I think between the numa calls (mbind, set_mempolicy) and cpusets,
we have a decent array of mechanisms to control future allocations.
The full set of features required may not be complete, but the
framework seems to be in place, and the majority of what features we
will need are supported now.

We are lacking in sufficient means to relocate already allocated
user memory.

I'd disagree with Andi that we should not support rearranging memory
at a fine granularity.  For most systems and most applications, Andi
is no doubt right.  But for some systems and some applications, such
as big long running tightly parallel applications on NUMA systems,
placement is often well understood and closely managed at a fine
granularity, because algorithm and memory placement closely interact,
and can have a huge impact on performance.

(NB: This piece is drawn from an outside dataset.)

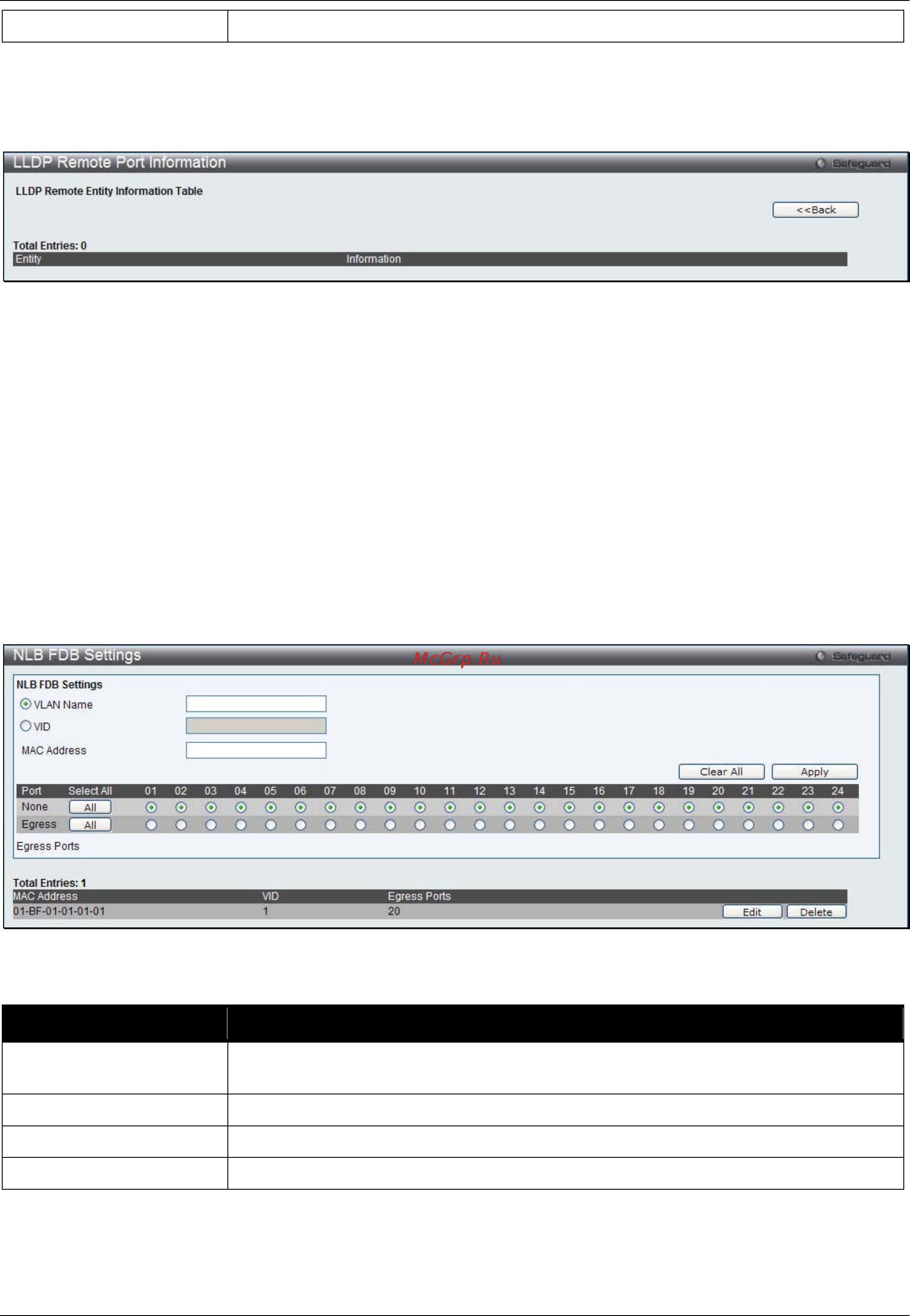 D-Link DWS-3160-24TC [130/505] Nlb fdb settings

I willingly bow to Andi's expertise when he says we can't do it now
because memory structures and placement cannot be safely modified
from outside a task.

But I don't agree that we shouldn't look for a way to do it.

We need a way to safely rearrange the placement of already allocated
user memory pages, at a fine granularity (per physical page), without
significant impact to the main body of kernel memory management code.

I think that must mean code operating within the context of the target
task.  I suspect that means at least a portion of this code must be
operating within kernel space.  It should enable external, system
administrator imposed, per-page relocation of already allocated memory.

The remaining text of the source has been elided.